* _Task instructions_: From the line containing "こちらのセールは最終日です！ ご来店をお待ちしております！" through the last line of the records below, output every line exactly as it appears, but leave out the pictures.

--- Data for processing Enclosed Below ---

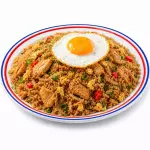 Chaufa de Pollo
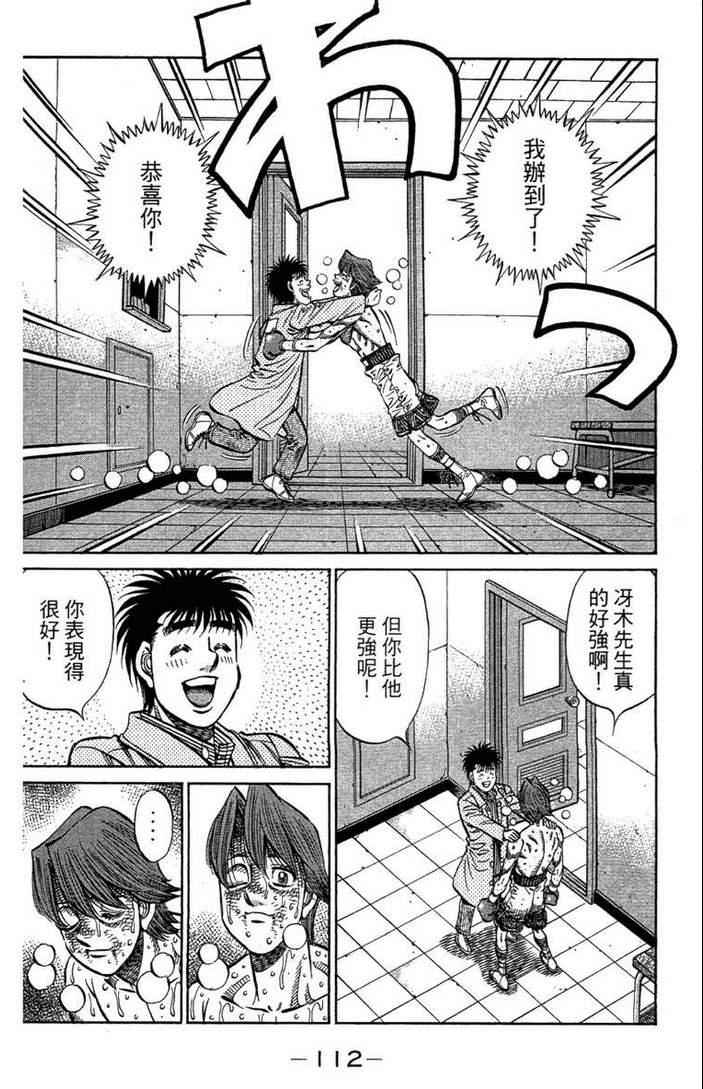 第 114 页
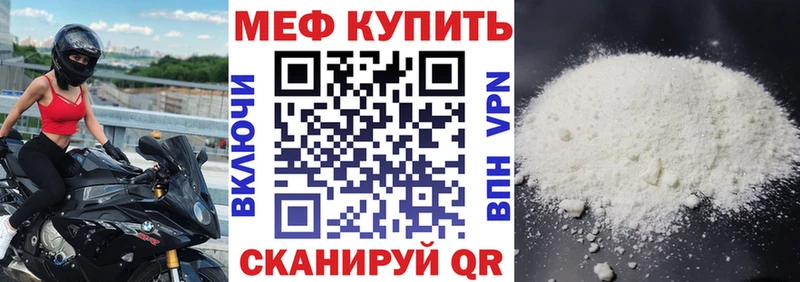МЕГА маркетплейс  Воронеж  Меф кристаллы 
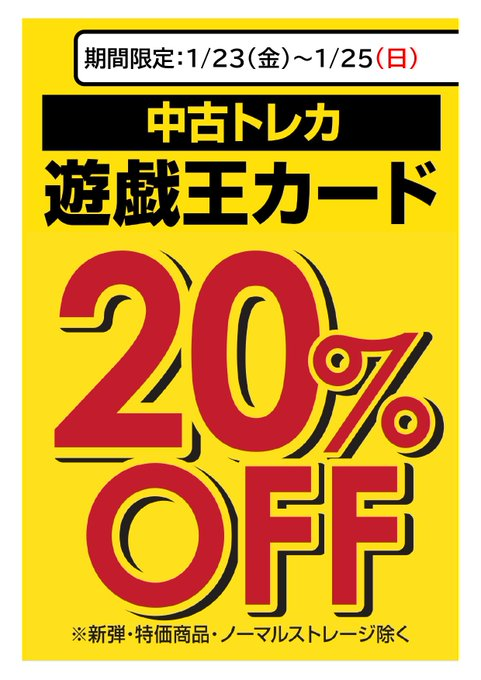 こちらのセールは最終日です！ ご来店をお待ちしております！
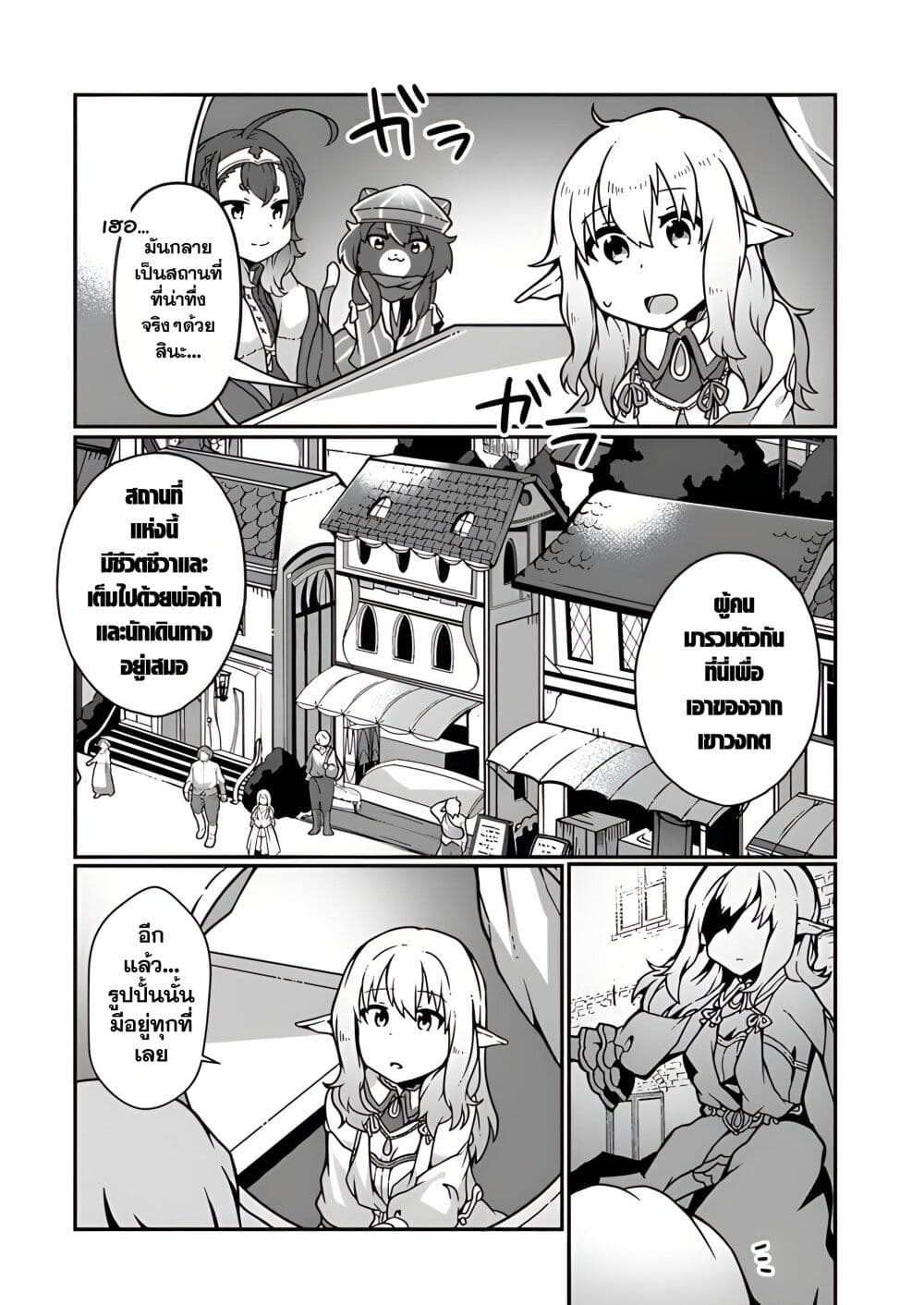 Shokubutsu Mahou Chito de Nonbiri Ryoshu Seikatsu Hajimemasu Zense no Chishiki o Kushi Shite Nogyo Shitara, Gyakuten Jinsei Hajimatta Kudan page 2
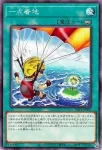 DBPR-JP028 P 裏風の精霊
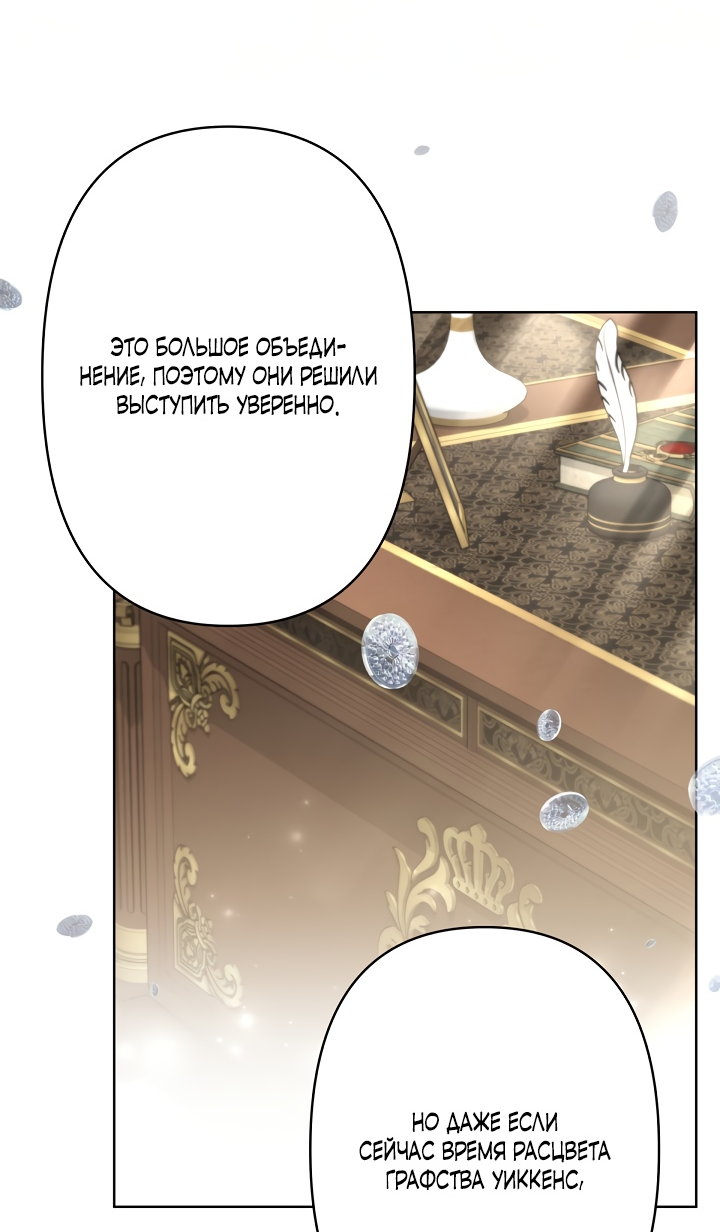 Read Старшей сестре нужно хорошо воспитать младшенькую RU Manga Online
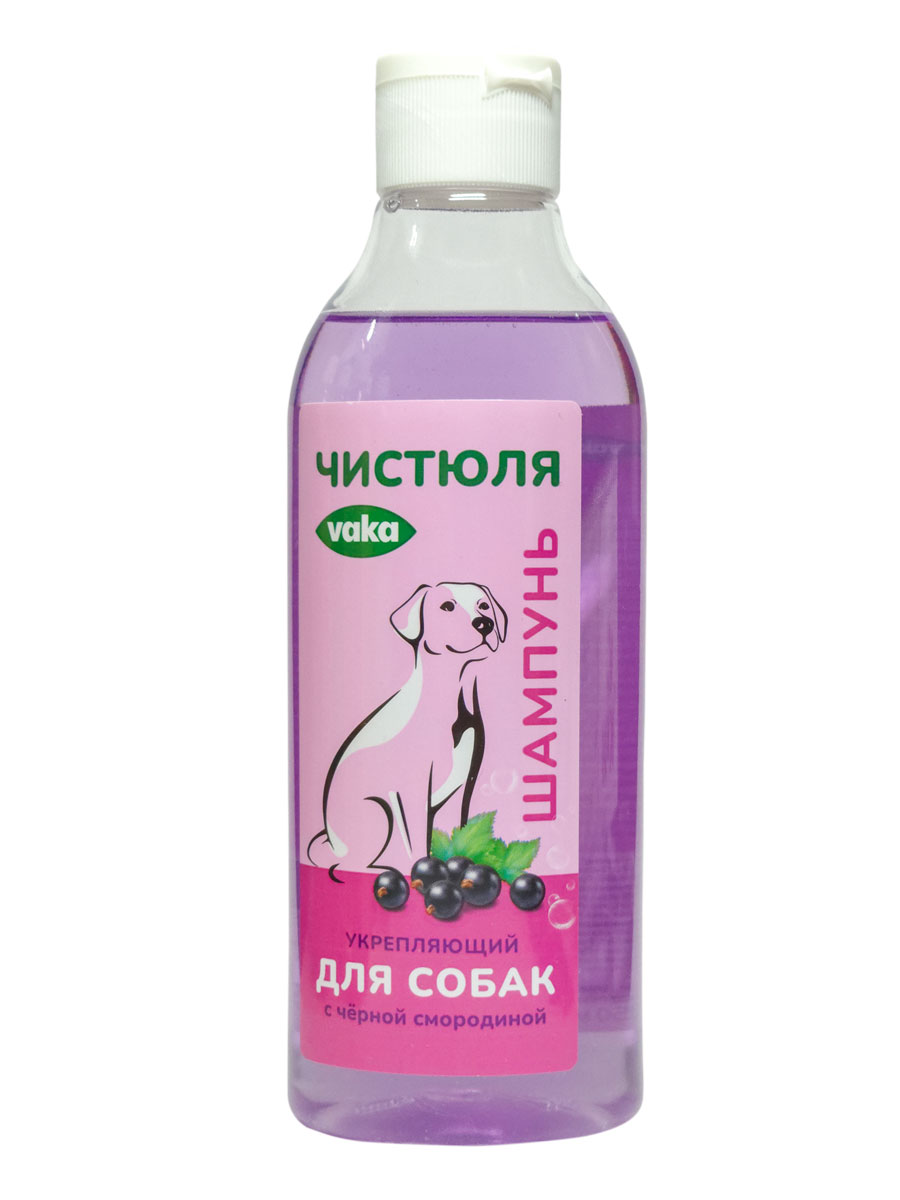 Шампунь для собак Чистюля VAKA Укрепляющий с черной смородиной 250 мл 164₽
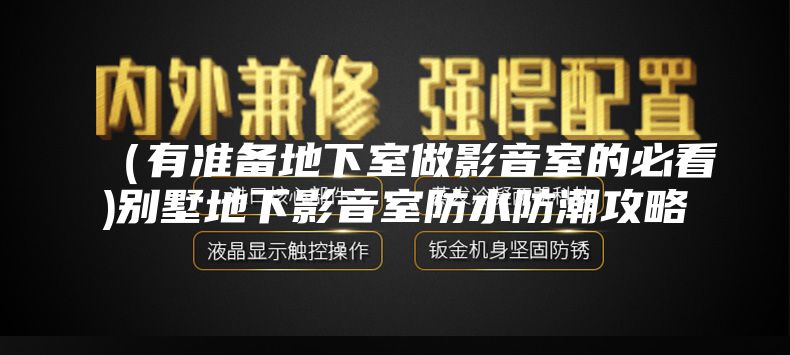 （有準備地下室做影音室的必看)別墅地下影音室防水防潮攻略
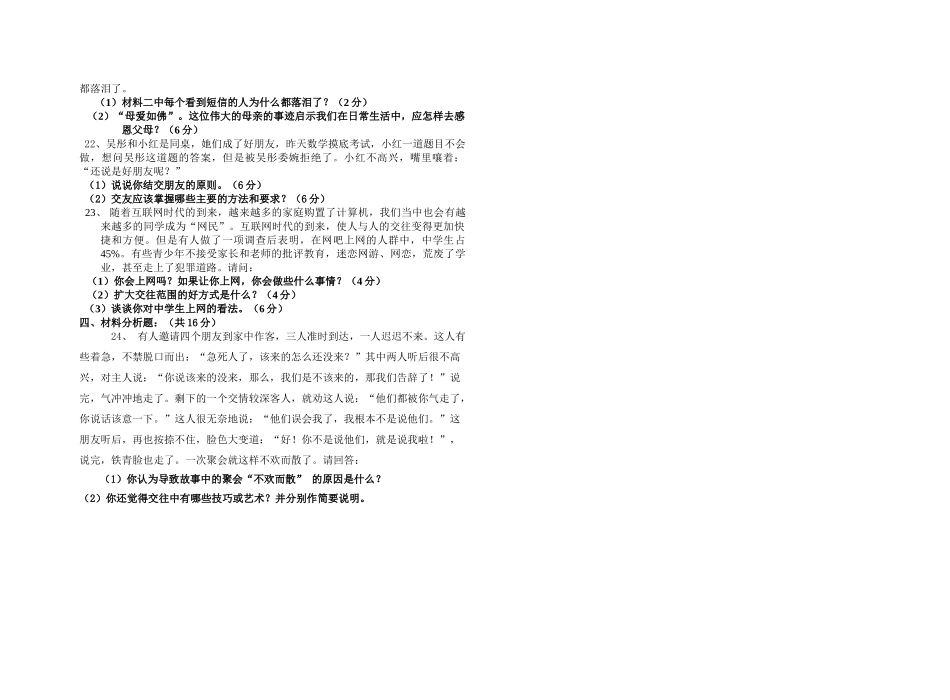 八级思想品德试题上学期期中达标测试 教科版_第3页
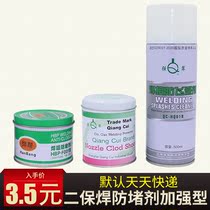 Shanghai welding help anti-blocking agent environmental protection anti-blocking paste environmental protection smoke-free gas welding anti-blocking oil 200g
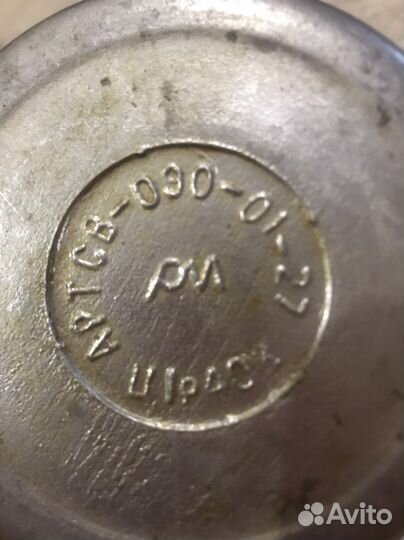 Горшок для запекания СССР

--- End of Enclosed Data for processing ---

* _Result below_:
 こちらのセールは最終日です！ ご来店をお待ちしております！
 Shokubutsu Mahou Chito de Nonbiri Ryoshu Seikatsu Hajimemasu Zense no Chishiki o Kushi Shite Nogyo Shitara, Gyakuten Jinsei Hajimatta Kudan page 2
 DBPR-JP028 P 裏風の精霊
 Read Старшей сестре нужно хорошо воспитать младшенькую RU Manga Online
 Шампунь для собак Чистюля VAKA Укрепляющий с черной смородиной 250 мл 164₽
 （有準備地下室做影音室的必看)別墅地下影音室防水防潮攻略
 八级思想品德试题上学期期中达标测试 教科版_第3页
 Shanghai welding help anti-blocking agent environmental protection anti-blocking paste environmental protection smoke-free gas welding anti-blocking oil 200g
 Горшок для запекания СССР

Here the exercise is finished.